Seyhan, Ceyhan, Fırat ve Nil Cennet nehirlerindendir

Seyhan, Ceyhan, Fırat ve Nil Cennet nehirlerindendir

Hadis-i Şerif

Bismillahirrahmanirrahim

Ebû Hüreyre (ra) rivayet ediyor. Resulullah (asm) şöyle buyurdular:

Seyhan, Ceyhan, Fırat ve Nil Cennet nehirlerindendir.

***

Hadis-i Şerifte, sayılan dört nehrin Cennetten geldiğine dikkat çekilmektedir. Bu hadis, Müslim, Müsned ve çeşitli hadis kitaplarında yer alır. Başka rivayetlerde üç nehir, beş nehir ifâdeleri de vardır.

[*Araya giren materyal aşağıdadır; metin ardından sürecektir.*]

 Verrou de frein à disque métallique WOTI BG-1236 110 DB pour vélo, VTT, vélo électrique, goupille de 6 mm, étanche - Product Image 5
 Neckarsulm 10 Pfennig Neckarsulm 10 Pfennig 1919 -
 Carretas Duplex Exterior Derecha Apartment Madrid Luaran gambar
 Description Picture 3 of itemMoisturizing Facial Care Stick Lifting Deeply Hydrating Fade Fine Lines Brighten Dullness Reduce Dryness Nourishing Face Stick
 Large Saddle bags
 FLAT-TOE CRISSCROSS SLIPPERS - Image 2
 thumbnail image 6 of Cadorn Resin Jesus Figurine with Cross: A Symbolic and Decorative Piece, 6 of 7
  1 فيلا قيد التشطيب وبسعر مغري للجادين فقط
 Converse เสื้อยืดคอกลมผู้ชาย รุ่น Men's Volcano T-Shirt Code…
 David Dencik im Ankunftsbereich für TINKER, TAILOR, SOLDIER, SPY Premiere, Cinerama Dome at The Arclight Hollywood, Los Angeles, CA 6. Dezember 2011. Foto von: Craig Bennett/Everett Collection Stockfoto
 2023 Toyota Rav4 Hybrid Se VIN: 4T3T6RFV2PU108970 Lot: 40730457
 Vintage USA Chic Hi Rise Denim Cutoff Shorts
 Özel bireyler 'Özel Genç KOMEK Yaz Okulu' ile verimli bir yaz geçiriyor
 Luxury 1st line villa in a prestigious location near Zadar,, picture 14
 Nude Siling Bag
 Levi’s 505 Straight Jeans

Bunların hepsi de büyük nehirlerdir. Çıktıkları yer olan dağlar, onların hakikî menbaları olamaz. Bu meselede Bediüzzaman şöyle güzel bir izah yapar:

"Şöyle azîm ırmakların elbette mümkün değil; şu dağlar hakikî menbaları olsun. Çünkü o dağlar faraza tamamen su kesilse ve mahrutî [konik] birer havuz olsalar, o büyük nehirlerin şöyle sür'atli ve kesretli cereyanlarına [akmalarına] muvazeneyi kaybetmeden, birkaç ay ancak dayanabilirler ve o kesretli masarife [çok su sarfiyatına] gâliben bir metre kadar toprakta nüfuz eden yağmur kâfî vâridât olamaz. Demek ki, şu enharın nebeanları [nehirlerin o kaynaklardan çıkmaları] âdî ve tabiî ve tesâdüîi bir iş değildir. Beiki pek harika bir surette Fâtır-ı Zülcelâl, onları sırf hazine-i gaybtan akıttırıyor....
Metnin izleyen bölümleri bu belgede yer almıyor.